§ EXERCISE
Task for the records below: please copy exactly, and only, the lines from the one containing "6 Pieces/Set Zip" to the last line, both included, leaving out the pictures.
********
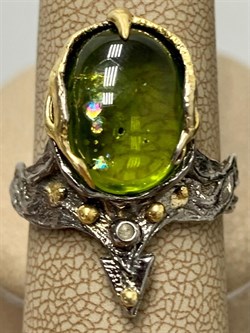 *Кольцо р.18,25 Хризолит АРТ 60798 (ВЕС 7,42 Г) - фото 216489 *Кольцо р.18,25 Хризолит АРТ 60798 (ВЕС 7,42 Г) - фото 216489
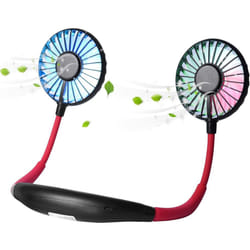 Portable Neck Fan, Color Changing LED, with Aromatherapy, 360Â¡Ã£ Free Rotation, and Lower Noise Strong Airflow Headphone Design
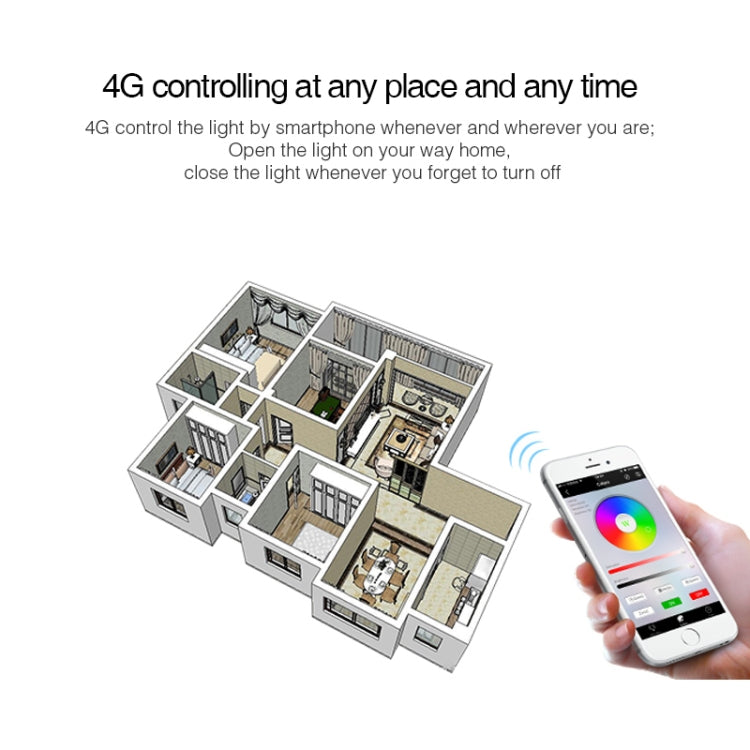 Lampadina LED FUT012 E27 9W RGB+CCT WiFi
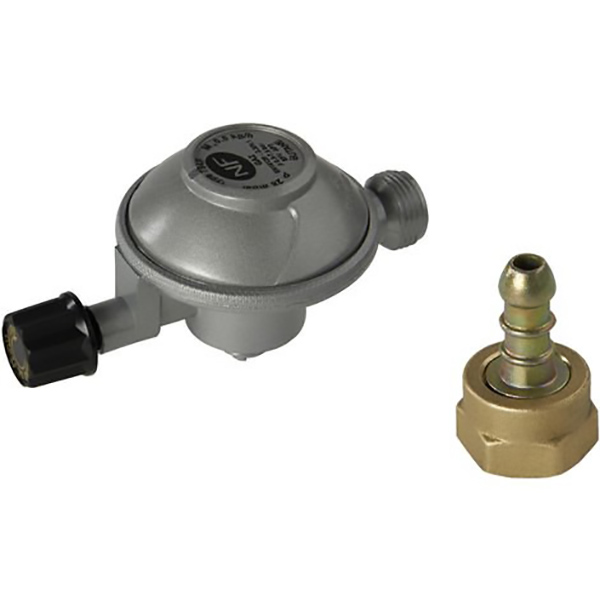 DETENDEUR BASSE PRESSION + RAC. TETINE CAMPING 0.5KG/H 28MBAR M16/150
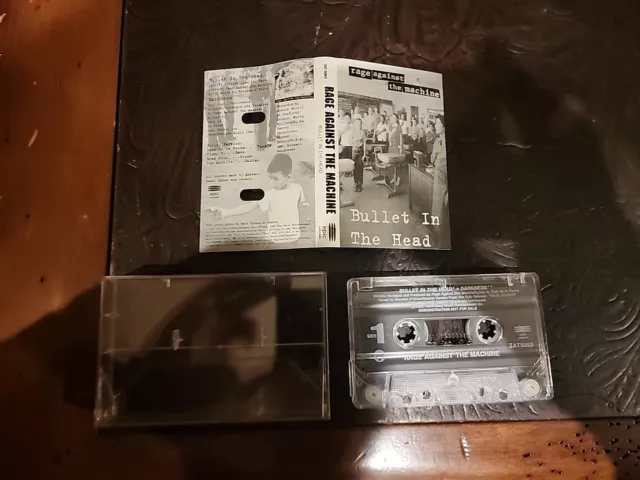 Rage Against the Machine Bullet In The Head Cassette Epic ZAT 5063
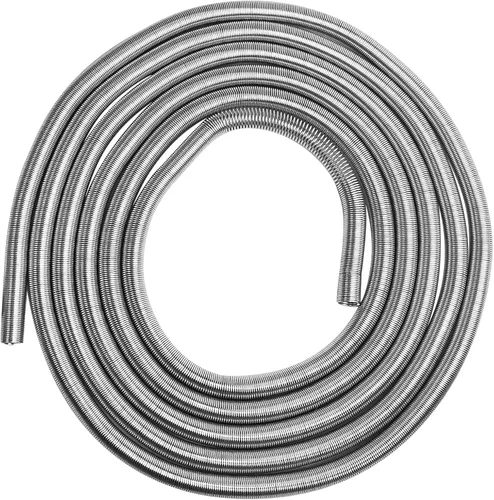 Protector de Línea de Freno de 1/4 Pulgada - 16 Pies de Acero Inoxidable Continuo + Protector Galvanizado Resistente a la Corrosión, Escudo de MuRealy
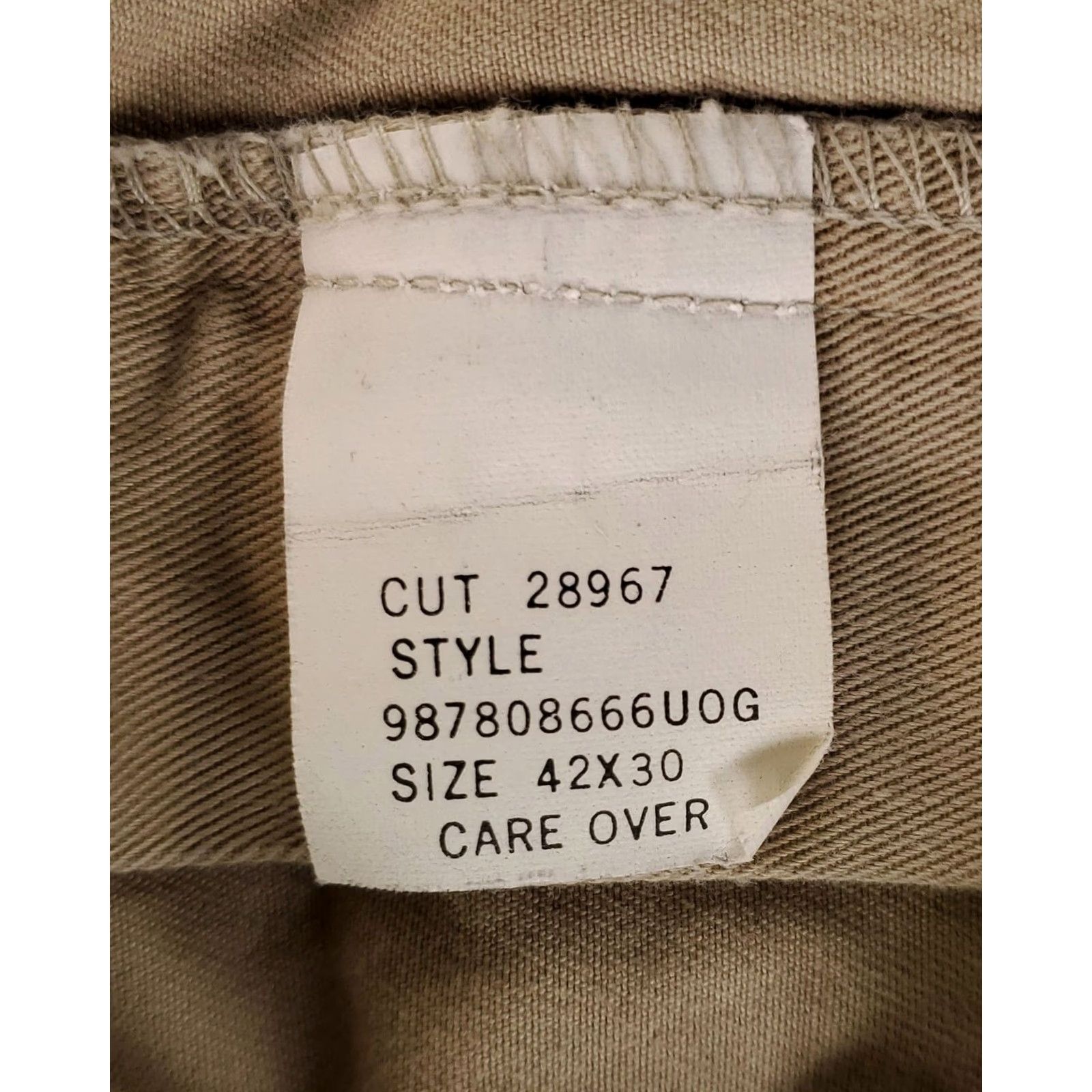 Polo Ralph Lauren VINTAGE Polo Ralph Lauren Pants Khaki VTG 90s Tan Brown Pleated Mens 42x30 Beige 30 Inseam Mens Size US XL / EU 56 / 4 - 4 Thumbnail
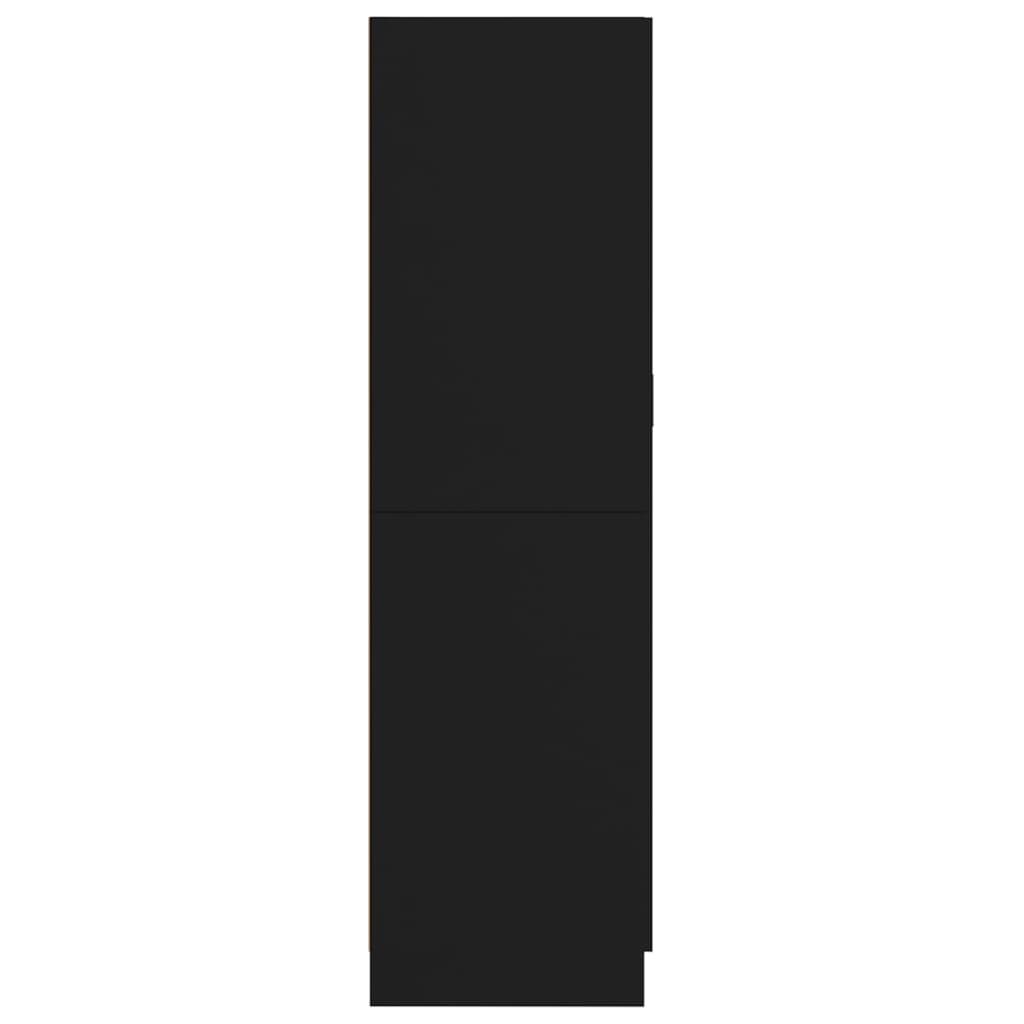 Kleiderschrank Schwarz 82,5x51,5x180 cm Holzwerkstoff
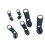 6 Pieces/Set Zip Puller Zipper Sliders Replacement Head Zipper Repair 1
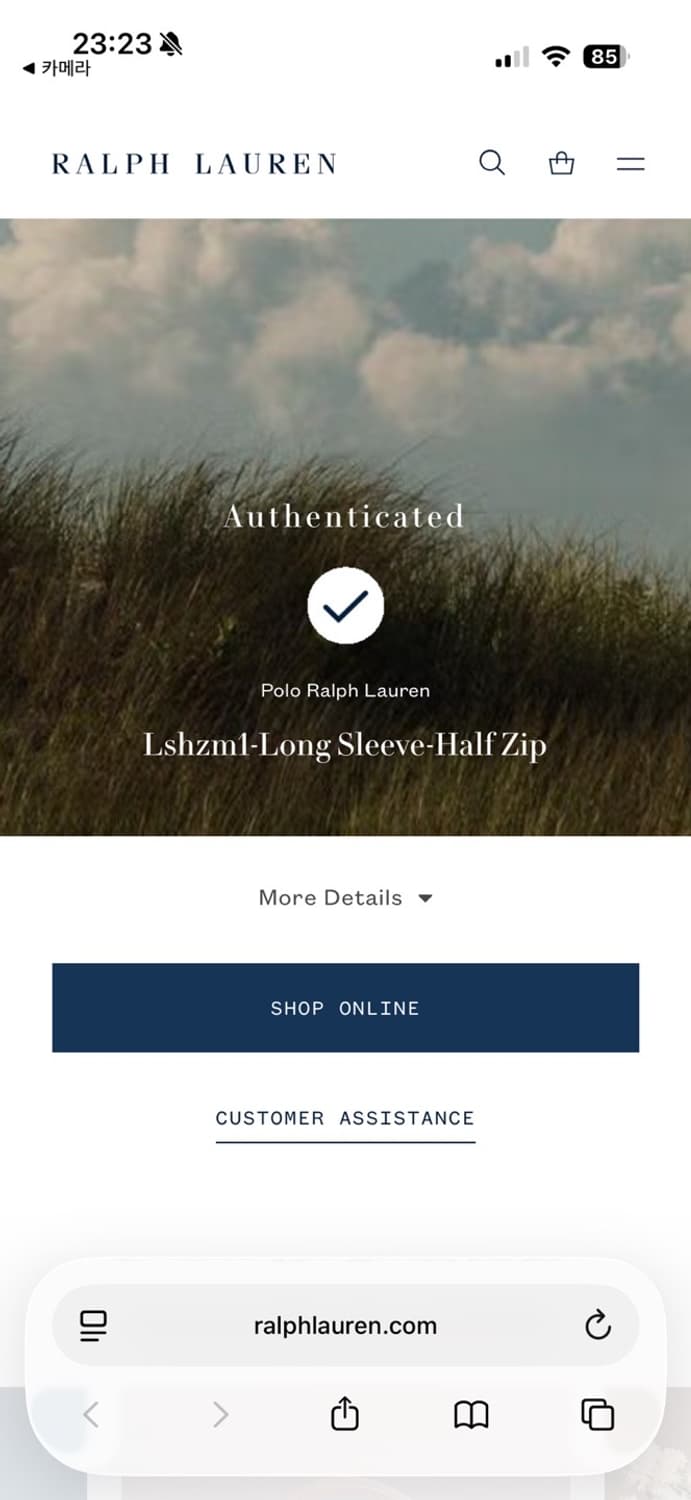 폴로 랄프로렌 하프집업 그레이 L (남성 105정도) 상품이미지5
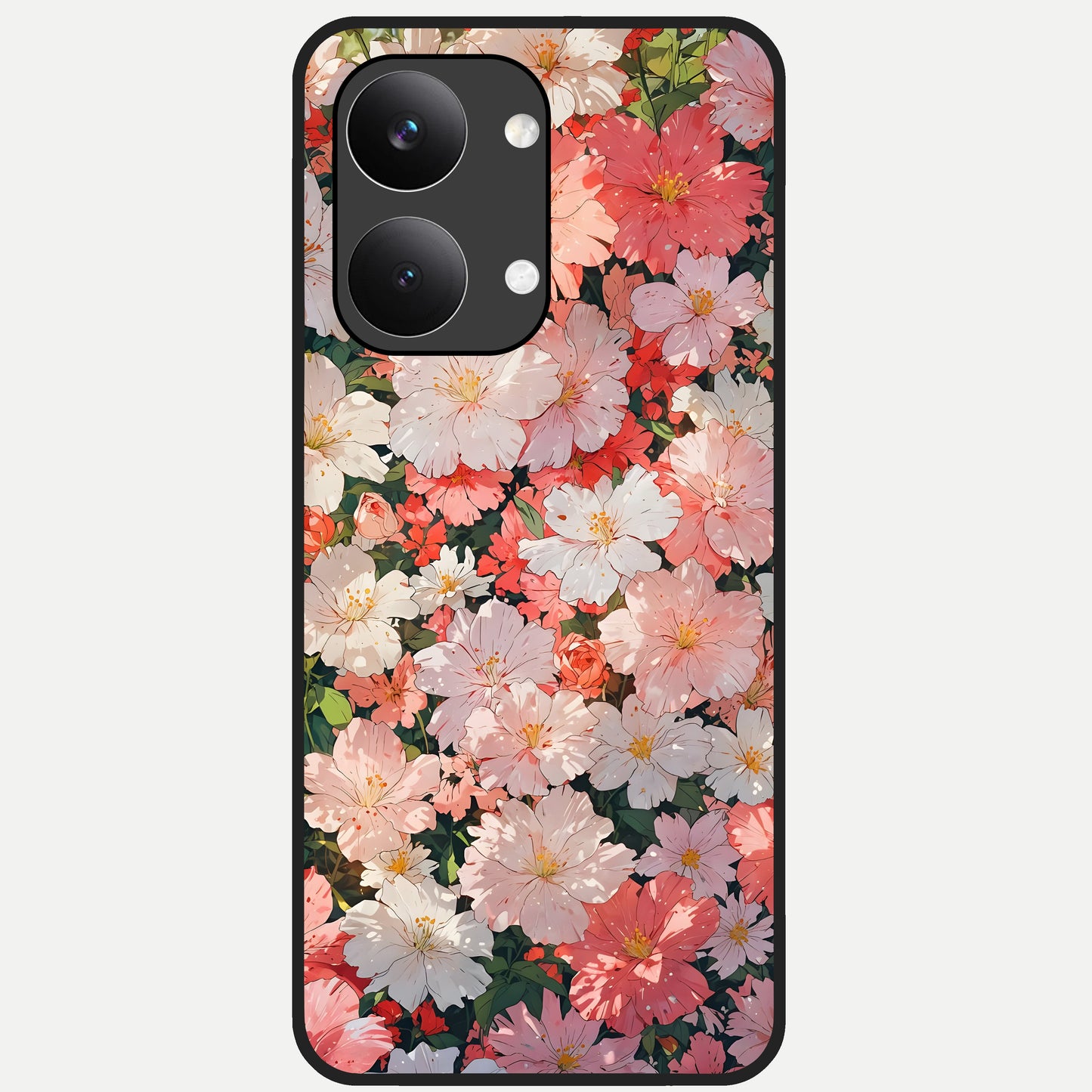  Blush Bloom Field Glass Case For Poco X8 Pro Max back cover – full design glossy printed glass finish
********
§ WORKED SOLUTION
 6 Pieces/Set Zip Puller Zipper Sliders Replacement Head Zipper Repair 1
 폴로 랄프로렌 하프집업 그레이 L (남성 105정도) 상품이미지5
  Blush Bloom Field Glass Case For Poco X8 Pro Max back cover – full design glossy printed glass finish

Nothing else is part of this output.